E o tempo foi passando… O casal teve filhos, que cresceram, casaram e também tiveram filhos…

Já velhinhos, opa e oma (avô e avó) faleceram. Por esse tempo, o relógio ganhou companhia – uma televisão preto e branco, cuja voz passou a ter prioridade. Resultado: começou uma implicância familiar em relação às badaladas, que atrapalhavam na hora de assistir aos programas da TV.

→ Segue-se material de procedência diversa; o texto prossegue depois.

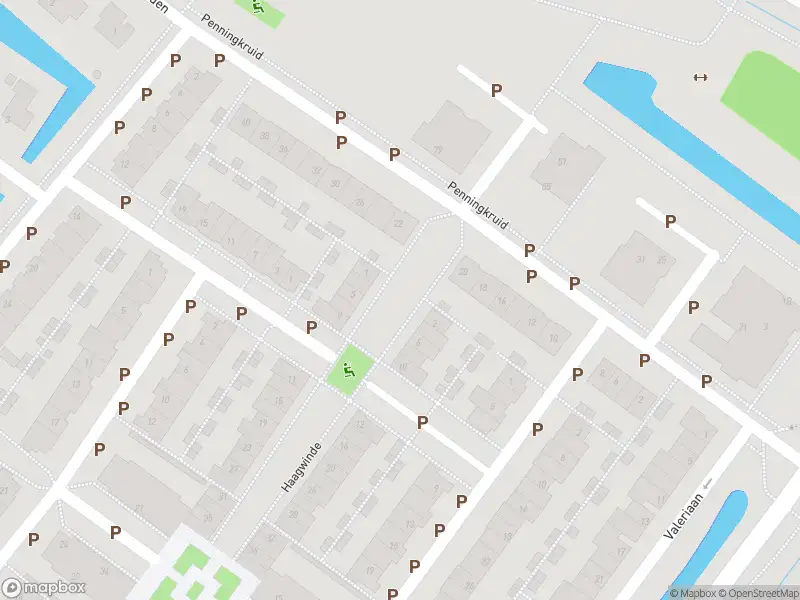 Ambulance met grote spoed naar de Haagwinde in Puttershoek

Bem rapidinho, o neto que tinha um xodó pelo relógio, ofereceu-se para resolver a questão, levando a raridade à sua casa (depois ao seu apartamento e mais tarde para nova cidade), junto ao resto da herança – um arlequim & colombina de porcelana, que era da bisa, uma caneca e um serrote.

Com o passar do tempo, o sistema mecânico daquela engrenagem começou a falhar até parar completamente. Levado para conserto, constatou-se que a corda em espiral havia quebrado e que o valor da peça era bem salgado, motivo por que o relógio voltou para a bancada sob a cama do neto, nessas alturas já casado e com duas filhas. E ali ficou paradinho por mais alguns anos…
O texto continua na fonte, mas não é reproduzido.